Memory of jamming - multiscale models for soft and granular matter
Soft, disordered, micro-structured materials are ubiquitous in nature and industry, and are different from ordinary fluids or solids, with unusual, interesting static and flow properties. The transition from fluid to solid -at the so-called jamming density- features a multitude of complex mechanisms, but there is no unified theoretical framework that explains them all. In this study, a simple yet quantitative and predictive model is presented, which allows for a variable, changing jamming density, encompassing the memory of the deformation history and explaining a multitude of phenomena at and around jamming. The jamming density, now introduced as a new state-variable, changes due to the deformation history and relates the system’s macroscopic response to its microstructure. The packing efficiency can increase logarithmically slow under gentle repeated (isotropic) compression, leading to an increase of the jamming density. In contrast, shear deformations cause anisotropy, changing the packing efficiency exponentially fast with either dilatancy or compactancy. The memory of the system near jamming can be explained by a microstatistical model that involves a multiscale, fractal energy landscape and links the microscopic particle picture to the macroscopic continuum description, providing a unified explanation for the qualitatively different flow-behavior for different deformation modes. To complement our work, a recipe to extract the history-dependent jamming density from experimentally accessible data is proposed, and alternative state-variables are compared. The proposed simple macroscopic constitutive model is calibrated with the memory of microstructure. Such approach can help understanding predicting and mitigating failure of structures or geophysical hazards, and will bring forward industrial process design/optimization, and help solving scientific challenges in fundamental research.
💡 Research Summary
The paper introduces a paradigm shift in the description of jamming in soft and granular materials by treating the jamming density (φ J) not as a fixed material constant but as a history‑dependent state variable, φ J(H). Using discrete element method (DEM) simulations of frictionless, polydisperse spheres, the authors explore two elementary deformation modes: isotropic compression (including tapping) and volume‑conserving pure shear. In isotropic compression, repeated cycles lead to a logarithmically slow increase of packing efficiency, yielding φ J that grows as φ J ≈ φ J₀ + A log(1 + M) with the number of cycles M. In contrast, pure shear induces strong anisotropy; the packing efficiency changes exponentially fast, either compacting or dilating depending on shear rate and initial packing fraction.

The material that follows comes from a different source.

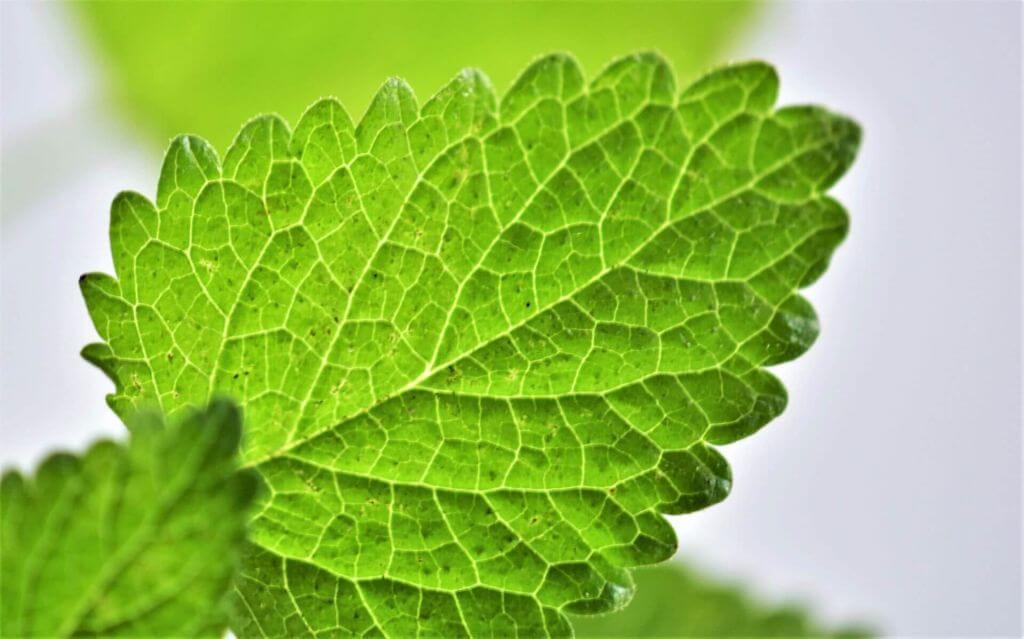 IFF_HS_Our-Products_Ingredients_Lemon-Balm_8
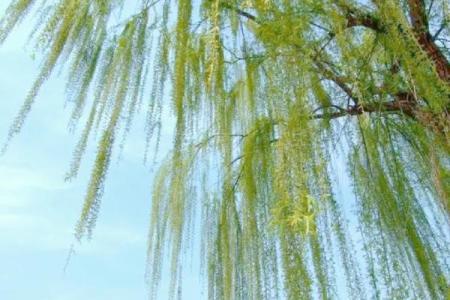 揭开柳木命的神秘面纱：属于什么命格，如何影响人生？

To rationalize these distinct kinetics, the authors propose a multiscale, fractal energy‑landscape model. The microstructure explores basins of the landscape: isotropic compression corresponds to a slow, low‑barrier exploration, while shear triggers rapid transitions over high barriers. This framework naturally yields the observed logarithmic versus exponential evolution of φ J(H).

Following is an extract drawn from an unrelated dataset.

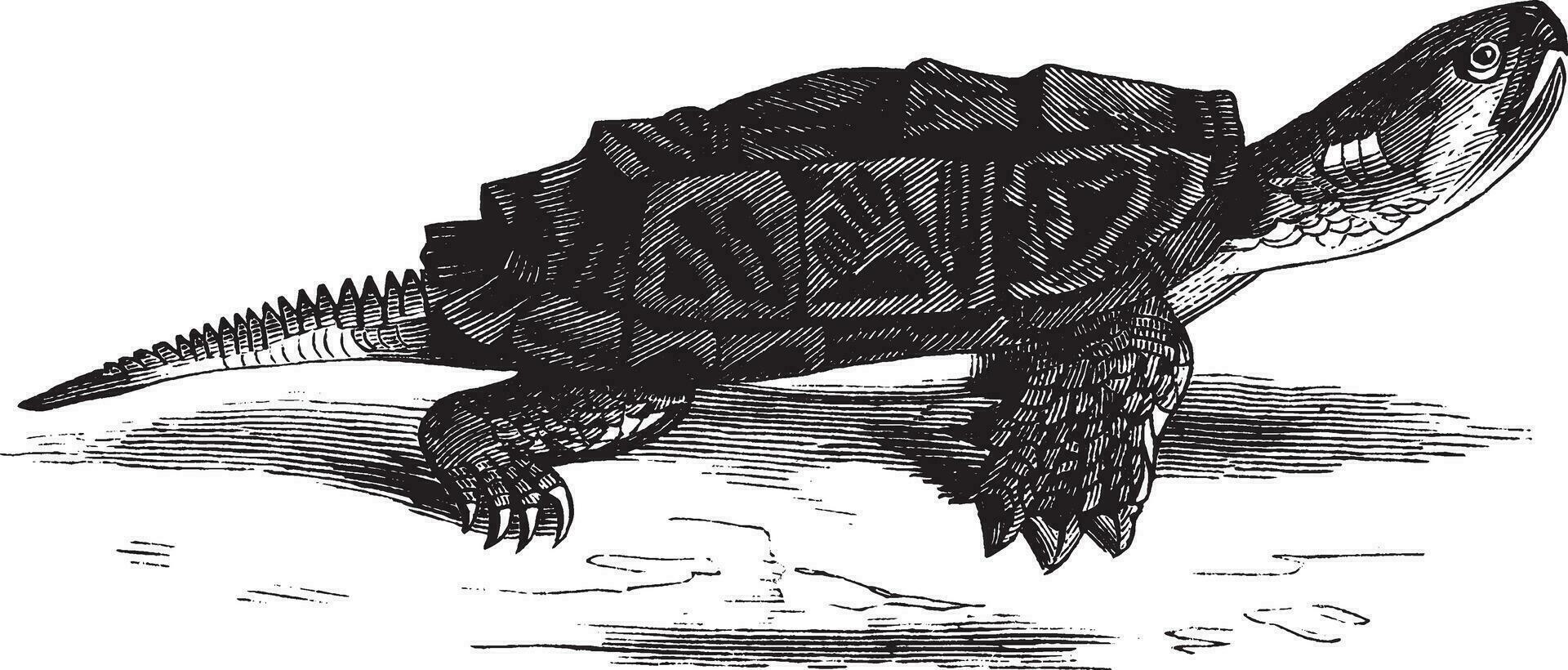 snappen schildpad, wijnoogst illustratie. vector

On the macroscopic level, the constitutive description is extended by adding two scalar internal variables: the history‑dependent jamming density φ J and an isotropic fabric invariant F_v that quantifies the average coordination structure. The stress–strain relations become
P = P(φ − φ J(H)), τ = τ(γ̇, φ − φ J(H), F),
with an evolution law for φ J: dφ J/dt = f_iso(ε̇_iso) + f_shear(γ̇). The isotropic term f_iso follows a logarithmic law, while the shear term f_shear follows an exponential law, reflecting the two deformation modes. Model parameters are calibrated directly from DEM data: pressure‑volume curves, shear stress versus strain‑rate, and fabric tensor evolution.
A practical experimental protocol is presented for extracting φ J(H) from measurable quantities such as volumetric strain and shear stress during cyclic compression–shear tests. The authors demonstrate that incorporating φ J(H) dramatically improves the predictive capability of continuum models, especially for phenomena like shear‑induced dilation, compaction, and the transition from solid‑like to fluid‑like behavior.

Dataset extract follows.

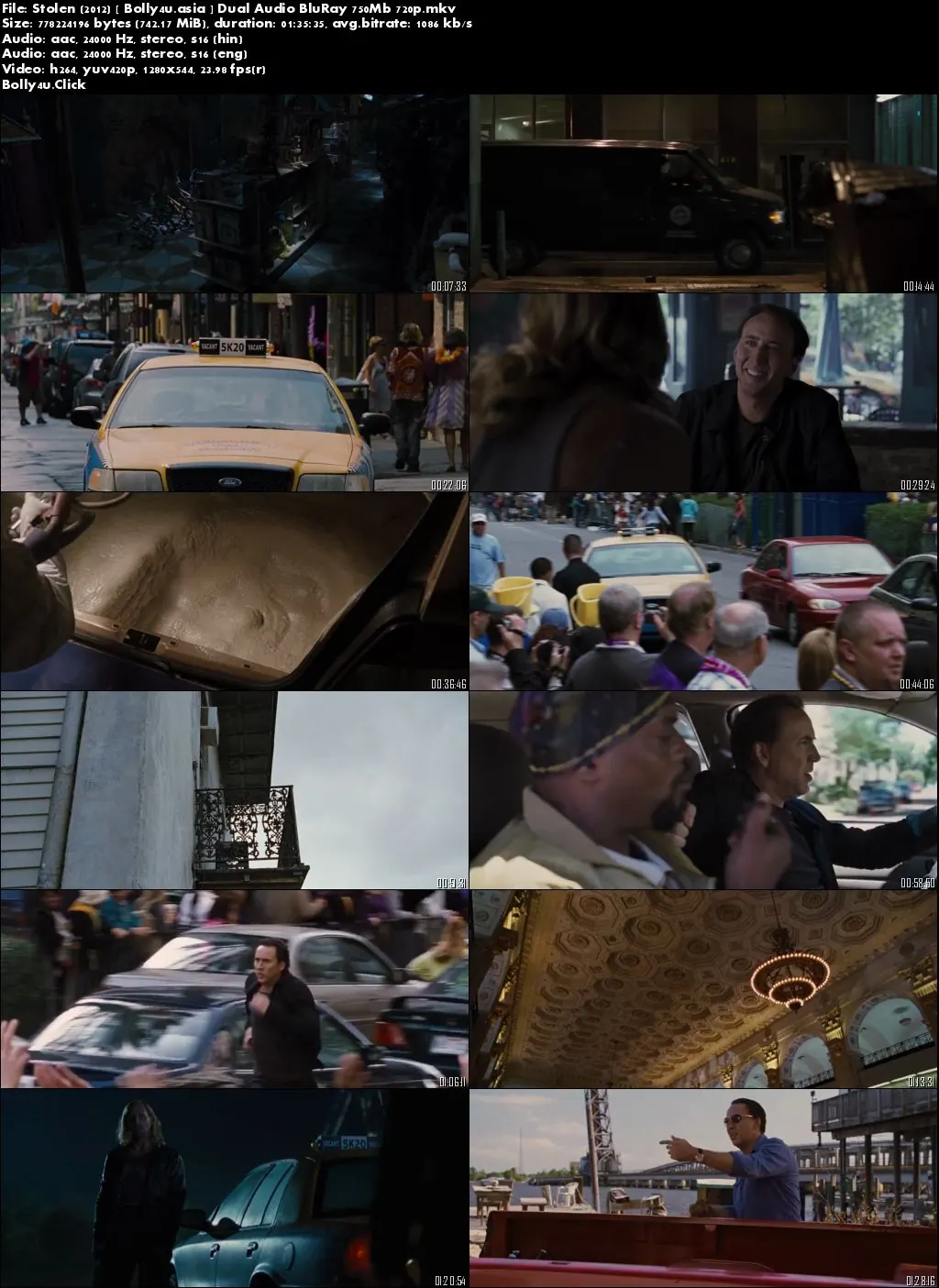 Stolen 2012 BRRip 300Mb Hindi Dual Audio 480p Download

The work has broad implications. In geotechnical engineering, the model can capture the highly hysteretic, non‑linear response of soils, improving predictions of liquefaction and failure under seismic loading. In industrial processes such as powder compaction, it offers a quantitative tool for optimizing packing density and avoiding defects. In fundamental physics, it provides a unified description of jamming, shear‑jamming, and glassy dynamics across different preparation protocols. By coupling a history‑dependent jamming density with fabric anisotropy, the authors deliver a comprehensive, multiscale framework that bridges particle‑scale rearrangements and continuum‑scale constitutive behavior, opening new avenues for both scientific understanding and practical applications.